The task »
In the listing below, find the line containing "Urgo Dermoestetic Reti" and the line containing "Santa With Presents", then copy exactly everything from the first through the second, except the pictures.

Entries provided »
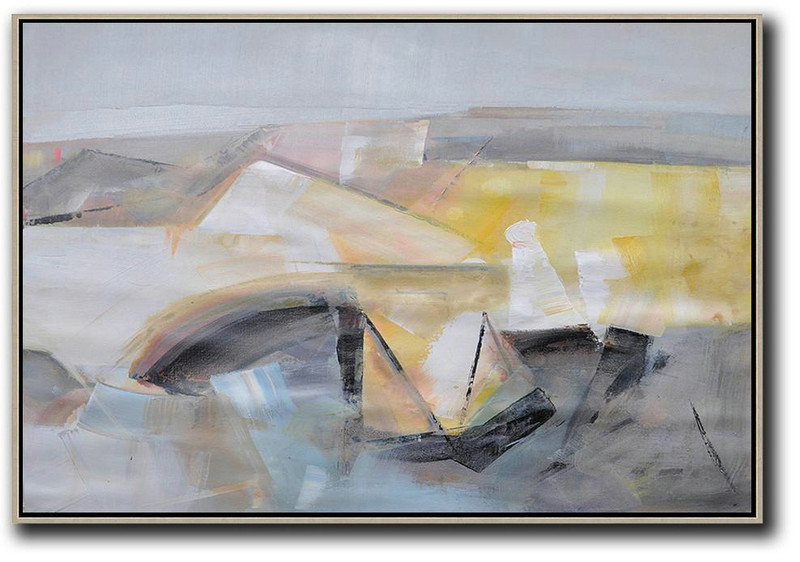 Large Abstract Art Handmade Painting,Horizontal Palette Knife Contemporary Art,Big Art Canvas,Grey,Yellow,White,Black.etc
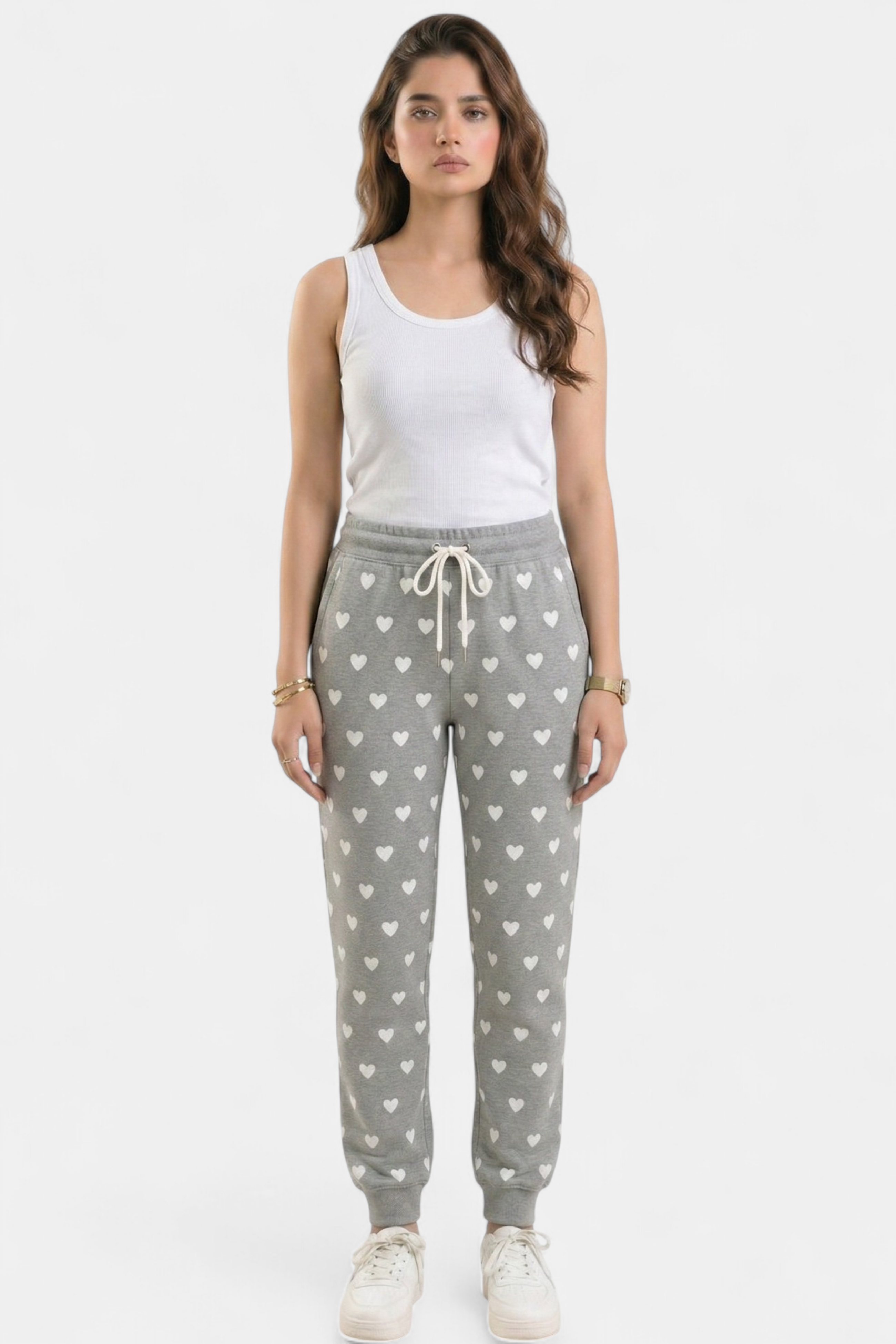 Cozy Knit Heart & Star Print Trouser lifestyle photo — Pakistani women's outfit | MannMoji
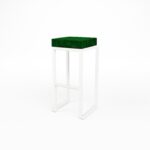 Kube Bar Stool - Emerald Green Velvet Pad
--
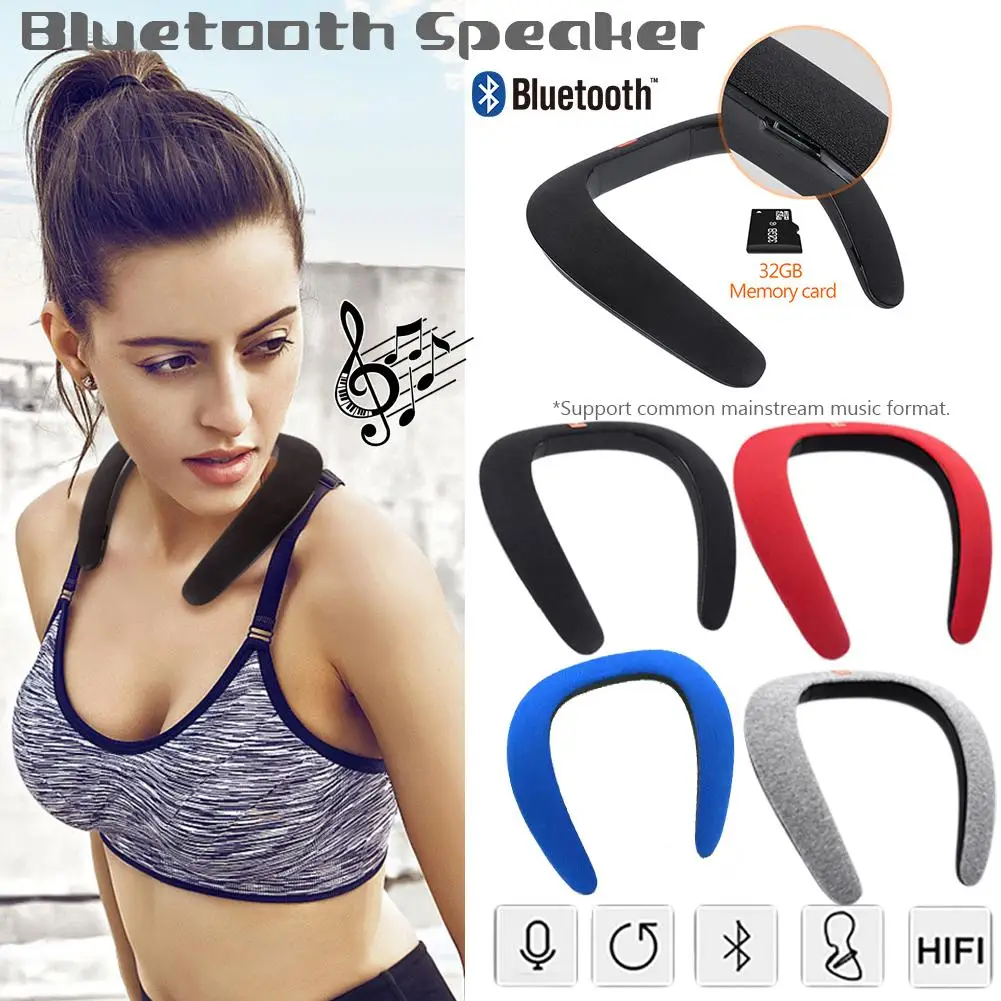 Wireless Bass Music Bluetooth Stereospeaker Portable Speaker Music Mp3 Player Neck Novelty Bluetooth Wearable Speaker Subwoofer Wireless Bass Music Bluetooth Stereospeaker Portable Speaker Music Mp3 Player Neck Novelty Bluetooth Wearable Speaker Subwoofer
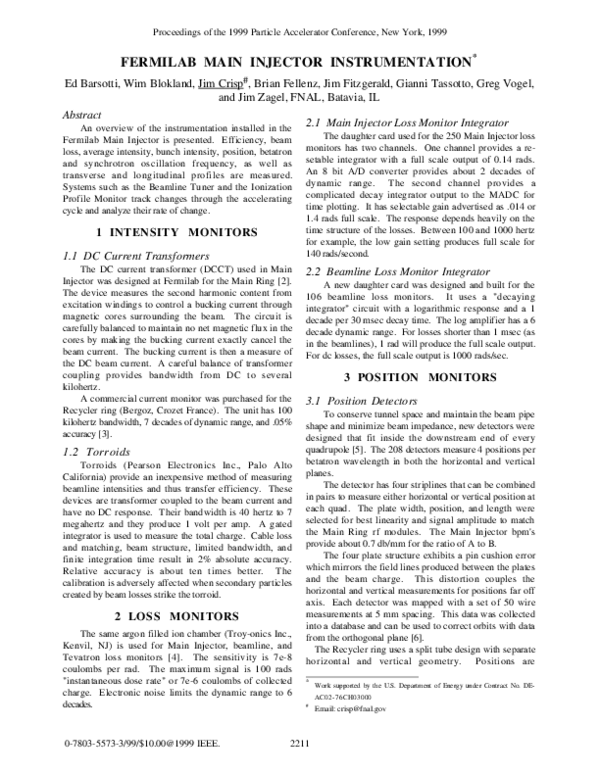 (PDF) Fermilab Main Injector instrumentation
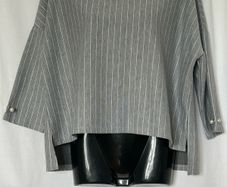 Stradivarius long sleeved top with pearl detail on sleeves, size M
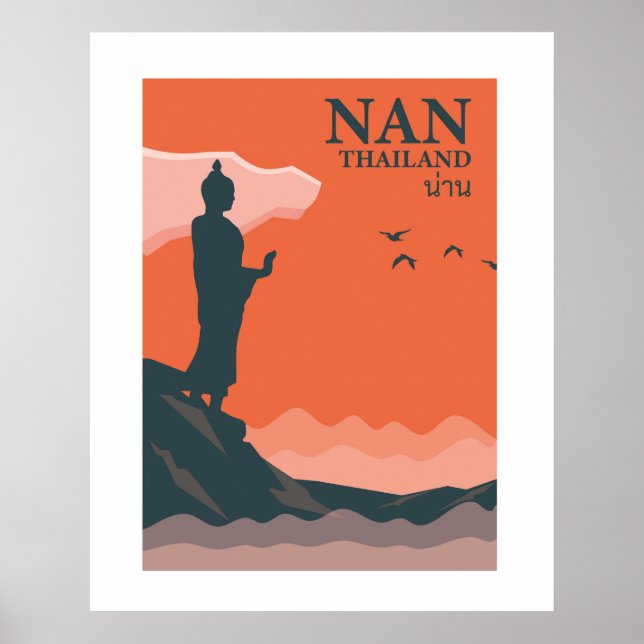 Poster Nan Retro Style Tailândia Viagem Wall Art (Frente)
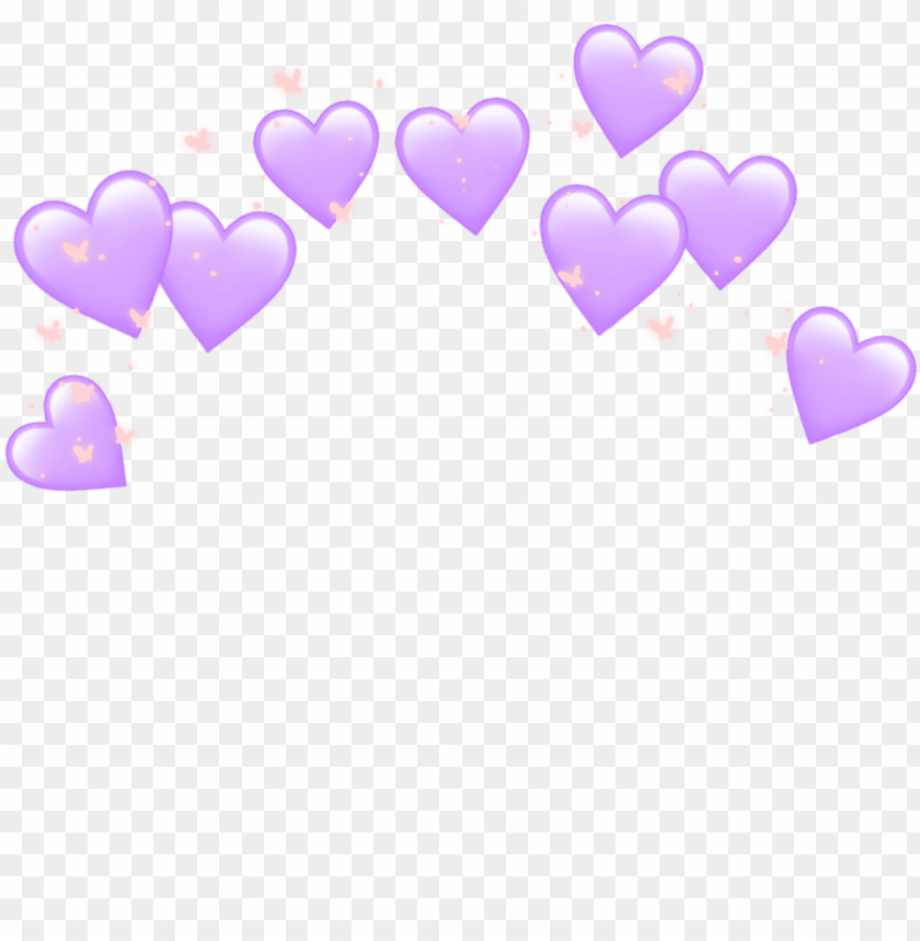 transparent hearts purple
* * *
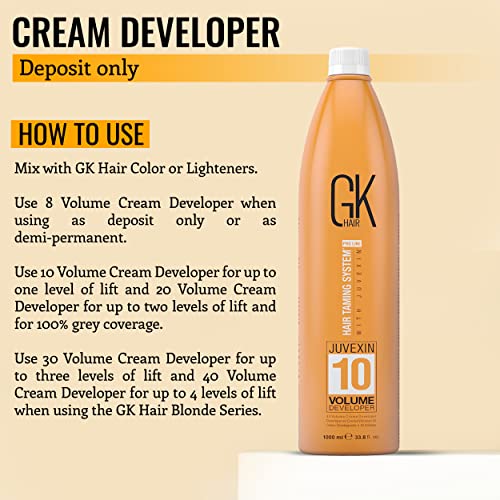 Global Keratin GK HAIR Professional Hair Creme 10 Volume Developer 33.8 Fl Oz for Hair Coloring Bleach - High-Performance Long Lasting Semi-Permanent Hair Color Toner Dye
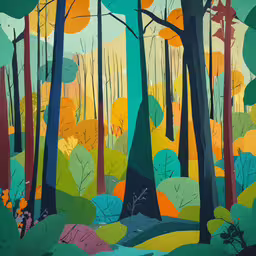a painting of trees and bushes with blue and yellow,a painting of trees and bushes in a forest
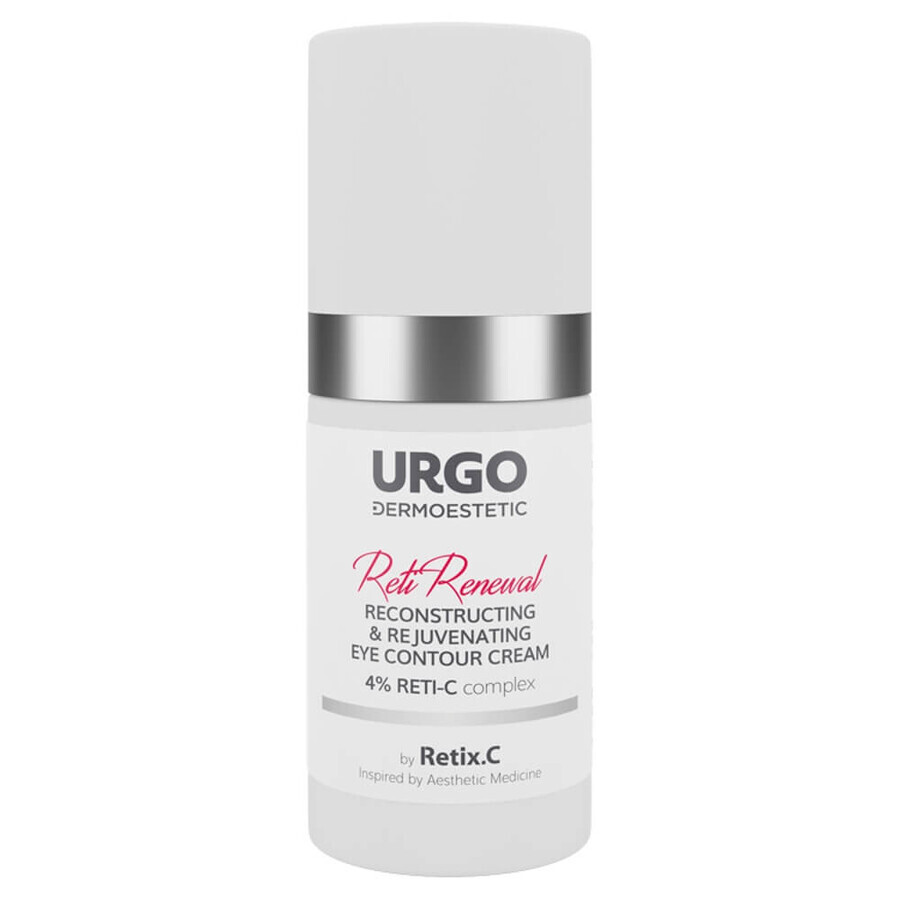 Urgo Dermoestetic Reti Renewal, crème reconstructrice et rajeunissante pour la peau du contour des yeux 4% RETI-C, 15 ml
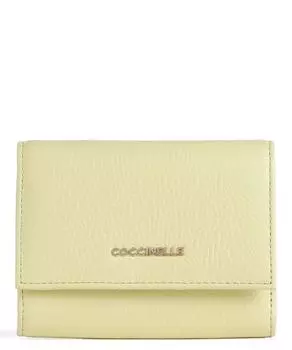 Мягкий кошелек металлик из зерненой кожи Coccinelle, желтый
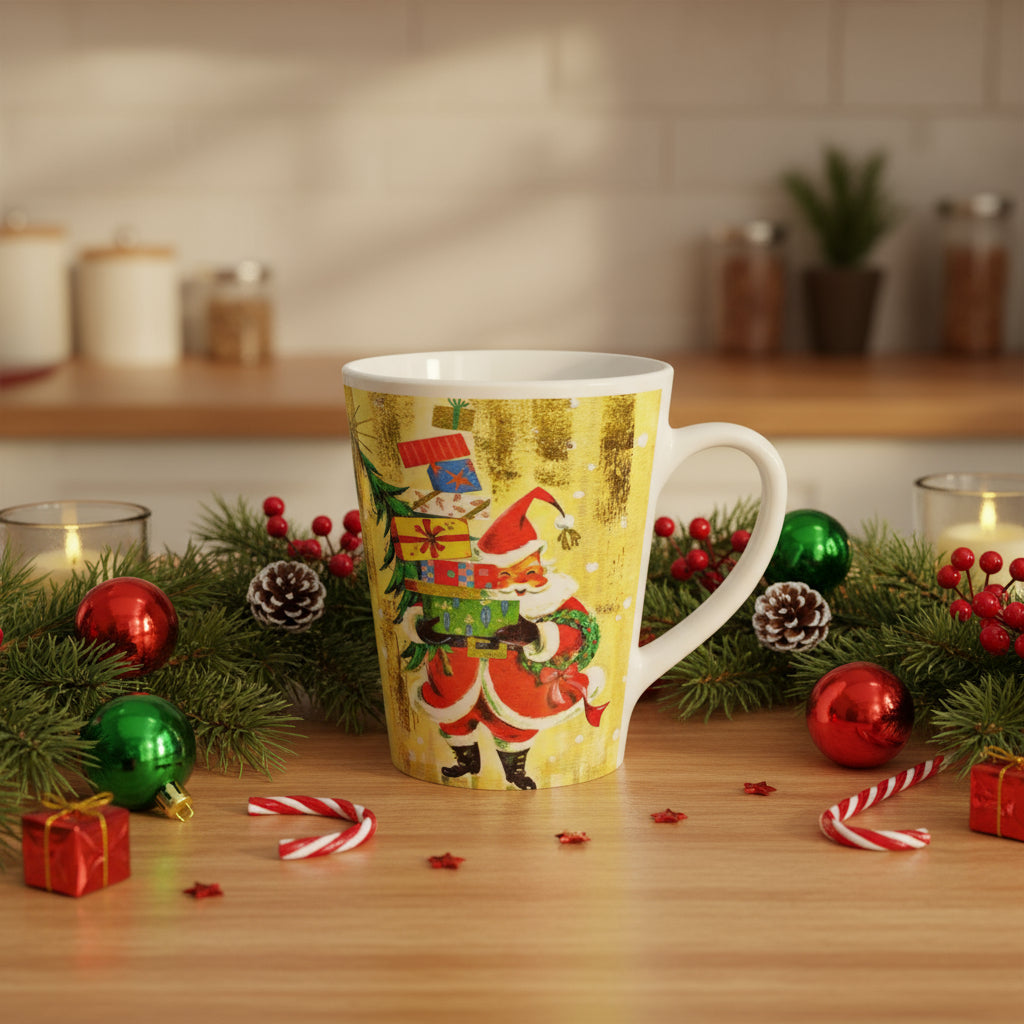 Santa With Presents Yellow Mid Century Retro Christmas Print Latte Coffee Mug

Result of this exercise »
 Urgo Dermoestetic Reti Renewal, crème reconstructrice et rajeunissante pour la peau du contour des yeux 4% RETI-C, 15 ml
 Мягкий кошелек металлик из зерненой кожи Coccinelle, желтый
 Santa With Presents Yellow Mid Century Retro Christmas Print Latte Coffee Mug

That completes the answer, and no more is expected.